E-card No. 1
Tuesday night, July 13, 2015
St. Andrews, Scotland
My overnight flight arrived in Glasgow at 7:30 this morning and Siri told me that I’d arrive in St. Andrews around 10 a.m., and I thought I might be able to slip into Tiger’s press conference, set for that hour. But the Hertz counter, the M-90, Junction 8 and the A-917 had other plans. Instead, I had a late breakfast with some friends at a place in town called Forgan’s, named for a 19th century club manufacturer. Years ago, a Scottish teaching pro named John Stark gave me a club stamped with the name R. Forgan. That’s one club I’m not selling at the yard sale we’re never likely to have.
I’m renting a room in a private home in the heart of town, maybe a half-mile from the Old Course.
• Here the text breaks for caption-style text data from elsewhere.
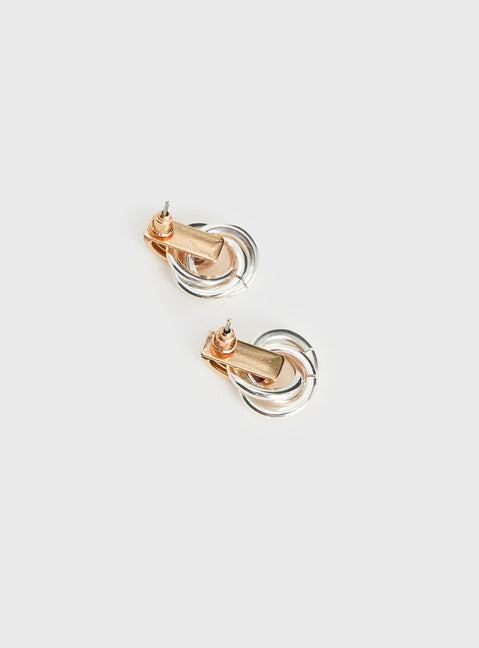 Trishy Linked Earrings Gold / Silver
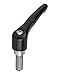 Kipp 06461-2081X15 Zinc Adjustable Handle with M8 External Thread, Modern Design Style, Stainless Steel Components, Metric, Black Satin Powder-Coated Finish, 15 mm Screw Length, Size 2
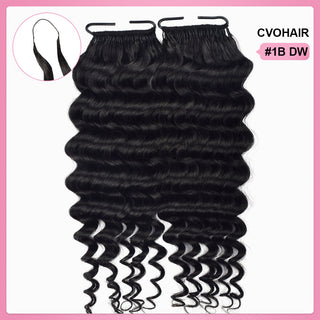 Deep Wave Crochet Human Hair Extensions CVOHAIR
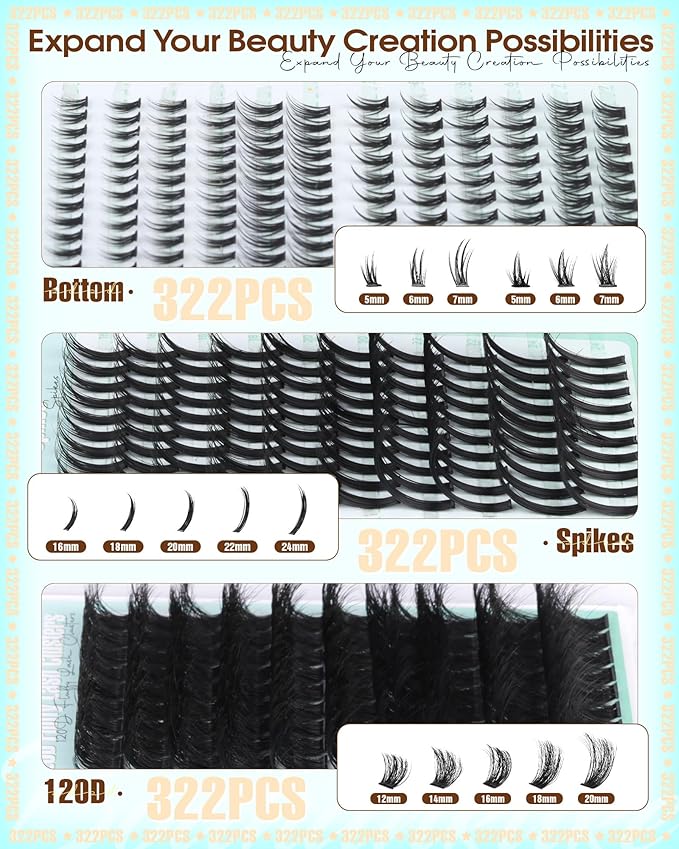 Lash Clusters with Spikes Wispy Eyelash Clusters with 2 Styles Bottom Lashes 120D Fluffy Clusters Lashes 322PCS Fairy Cluster Eyelash Extensions DIY Manga Individual Lashes by Boahankuke
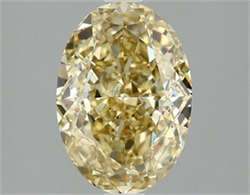 Picture of Lab Grown Diamond 2.07 Carats, Oval with  Cut, Fancy Intense Yellow Color, VVS2 Clarity and Certified by IGI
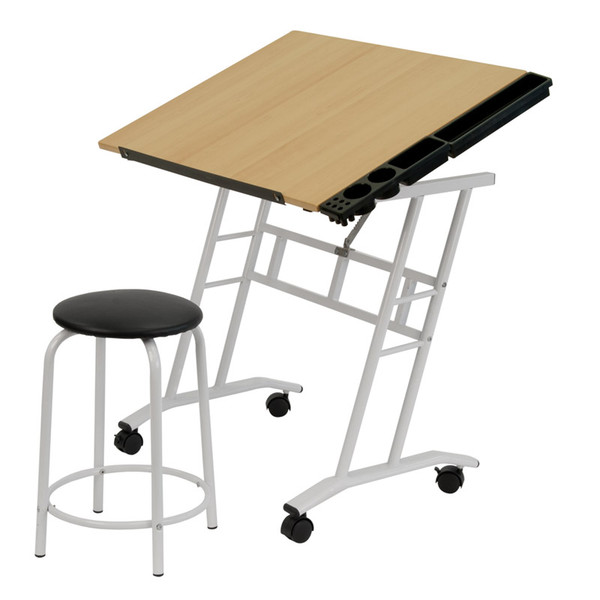 700201, 2 pc. Mobile Studio Center with Tilting Top Table and Stool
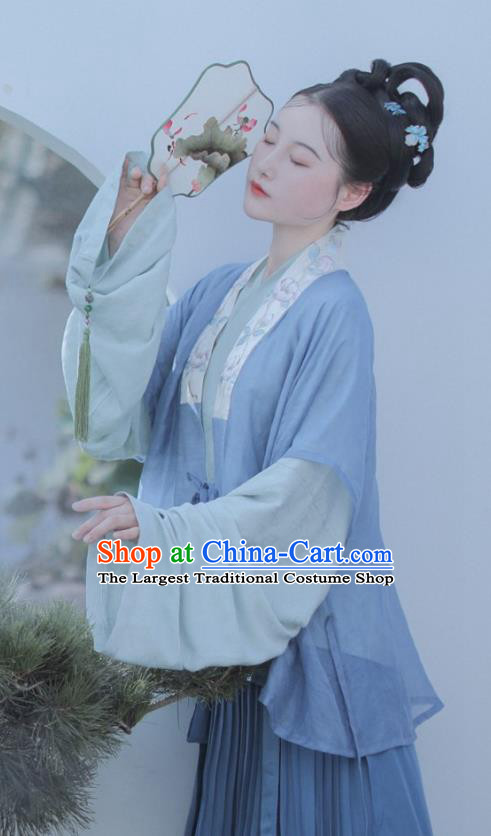 China Ancient Country Woman Blue Dress Uniforms Traditional Song Dynasty Civilian Lady Hanfu Clothing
I was in the same house, with the same golf-bum friends, in 2010 and in 2005. Not much changes here, and who would want it any other way? My friend Bert and I are having a competition, to see who can end the most sentences with the word indeed. I’m going to give Bert a break and not count that one.
You might have going to the Masters on your bucket list, and you should, but I’d put an Open at St. Andrews ahead of it. For one thing, there are 20 or 30 courses within 20 miles of the Old Course that you’d love to play, and you have the daylight you need to both watch the golf and play the golf, too. As for the charms of St. Andrews, they are endless.
On a longish and slow jog this afternoon, I went up a hill and straight out of town. From on high, everything looks small and insingicant, which of course it is. The farm fields often have ancient rights of ways running right through them. The Scottish sense of property is very different from what we have in the United States. One road I was on today devolved to a narrow path and then an overgrown farm field in the space of a mile or two. I’m still picking thorny things out of my socks and running shoes.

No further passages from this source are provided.